これに加え、首都圏各線区では運用数減少により経年が浅い車両が余剰気味な傾向となっている一方で、車両の余裕を活用する動きはこれまで発生していません。

211系に延命工事施工が開始するなど何らかの活用が見込まれる状況で、今後はどのような動きが生じるのでしょうか。

着々と進められている未来への改造

現在JR東日本では、ワンマン化・将来のドライバレス化を目指した車両改造など多岐に渡る改造が各線区の車両で実施されています。

首都圏各線区の車両で改造が進められている一方で、コロナ禍の減収減益などを背景とした新製車投入抑制・既存計画の見直しも進むなど、複数回の計画変更が生じていることも見て取れる状態です。

2024年に入って211系を対象とした10年程度の使用を想定した延命工事が開始されているなど、600億円の設備投資抑制のなかで新製車両投入数の削減はかなり大規模で実施されることとなりそうです。

E235系:ワンマン化対応

山手線E235系ではワンマン運転対応工事が概ね編成番号順に改造が進行しており、全車新製車であるトウ04,トウ05編成に続きトウ09編成から番号通りに進行しています。

トウ01〜03とトウ06〜08の6編成が改造順には加えられておらず、今後の動向が注目されます。

E235系として新造された10両の経年が比較的進行している車両が飛ばされている状態で、量産先行車となったトウ01編成は2015年・改造対象から外された編成は2017年に新造された車両となっています。

山手線E235系は当初、50編成配置48運用の構成とされていました。

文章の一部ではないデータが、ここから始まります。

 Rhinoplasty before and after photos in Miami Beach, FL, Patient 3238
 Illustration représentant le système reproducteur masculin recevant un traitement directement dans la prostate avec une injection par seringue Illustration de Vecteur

コロナ禍の減便で運用数減少が進んでおり、朝のみ・夕方のみの運用を同一編成で回すと想定すると38運用と10編成程度の余剰が生じている状態です。

これらの動向から、2028年ごろに導入を目指すとされているATO・2028年から2031年ごろとされているATACS導入とそれに付帯したATO高性能化といった動きが生じるまでに何らかの転用を実施することもありうる状態です。

ただし、E235系は最新鋭の技術や検査体制で設計されている車両で、検査体制や周期が異なるE235系とE233系以前の車両が中長期で他形式と混在する状況がどこまでデメリットとなるのかが鍵となりそうです。

長期の形式混在を許容するのであれば、山手線と同じ改良が実施される計画の京浜東北線へ転用してE233系1000番台を玉突き転用・将来的な2030年代前半にINTEROS世代の車両新製先として有力かつ6編成の異形態車両を先行代替が可能な中央・総武線各駅停車への転用などが想像されます。

改造対象から外した理由が京浜東北線転用だと仮定すると機器類の改造を先行して実施していてもいいはずで、現時点では将来的な仕様統一が図れそうな中央・総武線各駅停車への転用が一番想像しやすいでしょうか。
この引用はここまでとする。